Why is it important for South Asians to see this film?

It's important for South Asians to see this film for so many reasons. One - I made it for you, so please come see it! But more importantly, it's so important to support films about South Asians and by support I mean to actually go to the theater and buy a ticket to the movie. The only way we as a community are going to get any representation in Hollywood is by a strong show of economic force. It's just the plain truth. If South Asians don't turn up to see this film it sends the message back to Hollywood that there is no audience for a film with South Asians. It's unfair that that is how decisions are made, but it's true. So the next time someone wants to make a film with South Asians, they aren't going to get any support from Hollywood either. It took so long for African-Americans and Latinos to get representation in Hollywood, but it's finally happening. Until we do the same and show the same support for our community, there won't be any big South Asian Hollywood stars, there won't be a big Hollywood movie with South Asian actors….

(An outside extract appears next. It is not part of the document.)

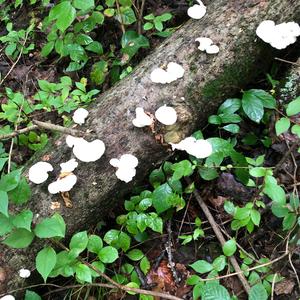 Oyster Mushroom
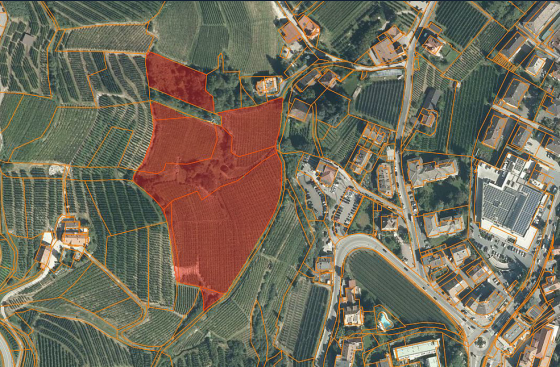 Lana: Weingut mit ca. 22.600 m² zu verkaufen Lana: Weingut mit ca. 22.600 m² zu verkaufen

Already I have Hollywood meetings and the first thing they ask me is, "Can you write a movie without South Asian characters in it?" I would love it if I could turn to them and say, "Yes, but look how successful South Asian films have been - how about if you let me write a part for '_______'. I'm sure they will be a big star too."

Then we can have our Jennifer Lopez, our Denzel Washington...

Interview conducted by Michelle Caswell of Asia Society.